3) I multiplied with ${e}^{- 3 x}$ for solving $y$.

Jul 25, 2017

$y = {x}^{3} {e}^{- 3 x} + C {e}^{- 3 x}$

#### Explanation:

We have:

$\frac{\mathrm{dy}}{\mathrm{dx}} + 3 y = 3 {x}^{2} {e}^{- 3 x}$ ..... [1]

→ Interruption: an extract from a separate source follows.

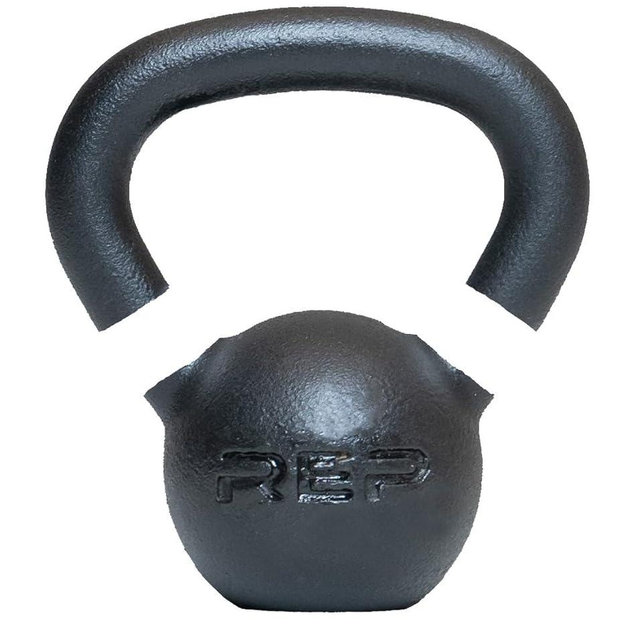 REP Fitness Kettlebell Set and Singles, 4kg to 24kg, 9lb to 53lb Weight Range, Cast Iron, Strength Exercise Training, Home Gym, Power Workout Equipment, Free Weights, Dumbbell Alternative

We can use an integrating factor when we have a First Order Linear non-homogeneous Ordinary Differential Equation of the form;

$\frac{\mathrm{dy}}{\mathrm{dx}} + P \left(x\right) y = Q \left(x\right)$

Then the integrating factor is given by;

$I = {e}^{\int P \left(x\right) \mathrm{dx}}$
$\setminus \setminus = \exp \left(\int \setminus 3 \setminus \mathrm{dx}\right)$
$\setminus \setminus = \exp \left(3 x\right)$
$\setminus \setminus = {e}^{3 x}$

And if we multiply the DE [1] by this Integrating Factor, $I$, we will have a perfect product differential;

${e}^{3 x} \frac{\mathrm{dy}}{\mathrm{dx}} + 3 {e}^{3 x} y = 3 {x}^{2} {e}^{- 3 x} {e}^{3 x}$

$\therefore \frac{d}{\mathrm{dx}} \left({e}^{3 x} y\right) = 3 {x}^{2}$

Which we can now directly integrate to get:

${e}^{3 x} y = \int \setminus {x}^{3} \setminus \mathrm{dx}$

$\therefore {e}^{3 x} y = {x}^{3} + C$

$\therefore y = \frac{{x}^{3} + C}{e} ^ \left(3 x\right)$

$\therefore y = {x}^{3} {e}^{- 3 x} + C {e}^{- 3 x}$